Don Howard
Don Howard is the former director and a Fellow of the University of Notre Dame’s Reilly Center for Science, Technology, and Values, where he now functions as co-director of the center’s ethics of emerging technologies focus area. He holds a permanent appointment as a Professor in the Department of Philosophy. With a first degree in physics (B.Sc., Lyman Briggs College, Michigan State University, 1971), Howard went on to obtain both an M.A. (1973) and a Ph.D. (1979) in philosophy from Boston University, where he specialized in philosophy of physics under the direction of Abner Shimony.
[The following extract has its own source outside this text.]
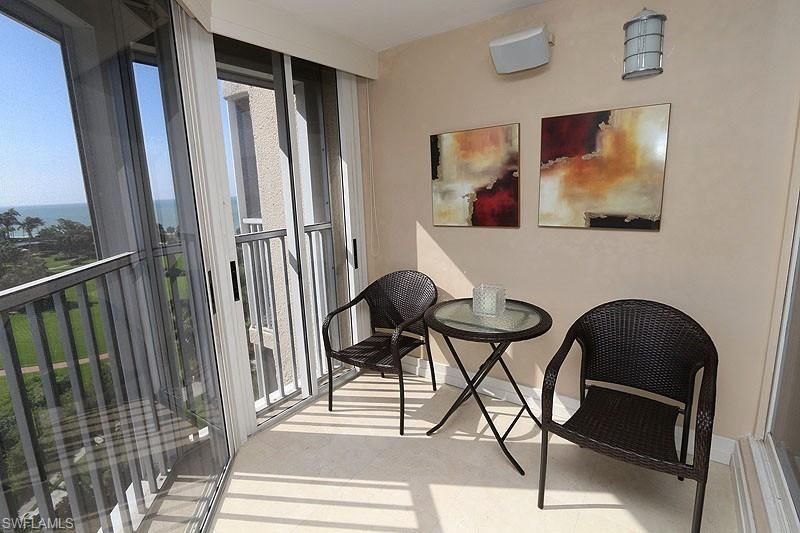 4041 Gulf Shore Blvd N, Unit 606, Naples, FL 34103 Photo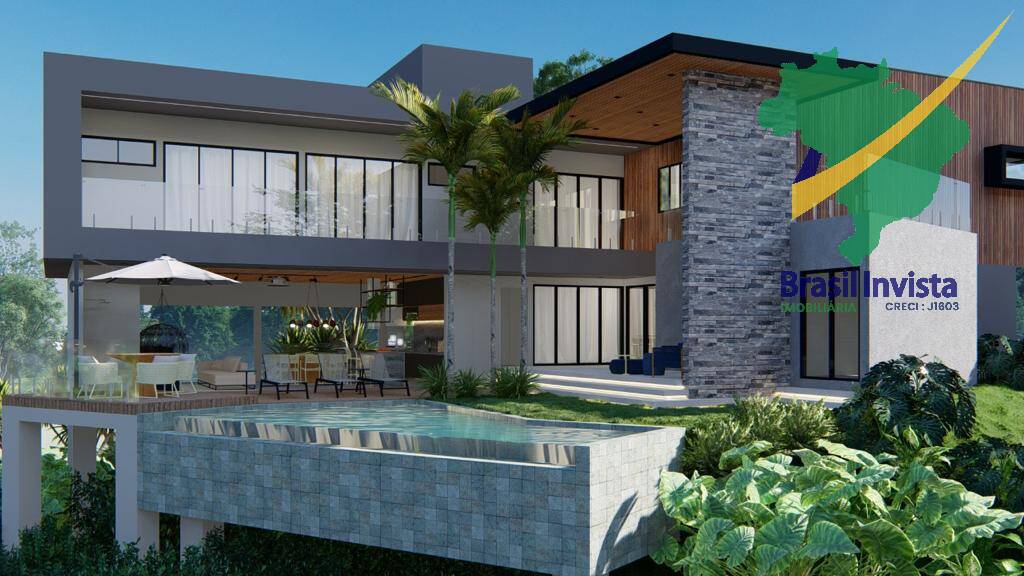 Casa à venda com 5 quartos, 200m² - Foto 8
Howard has been writing and teaching about the ethics of science and technology for many years. Co-editor of the collection, The Challenge of the Social and the Pressure of Practice: Science and Values Revisited (University of Pittsburgh Press), Howard has led NSF-funded workshops on science and ethics at Notre Dame for physics REU students, is currently the lead PI on an NSF-EESE research ethics grant, and has taught courses on topics ranging from the moral choices of atomic scientists during World War II and the Cold War, to the ethics of emerging weapons technologies and robot ethics. He has also served as the Secretary of the International Society for Military Ethics. Among his current research interests are ethical and legal issues in cyberconflict and cybersecurity as well as the ethics of autonomous systems. His paper, “Virtue in Cyberconflict,” was published in 2014 in the volume, Ethics of Information Warfare (Springer), and his essay on “Civic Virtue and Cybersecurity” was published in 2017 in the volume, The Nature of Peace and the Morality of Armed Conflict (Palgrave Macmillan). His editorials on technology ethics have appeared in the Wall Street Journal, on CNN, at InsideSources, NBC Think, and in other venues.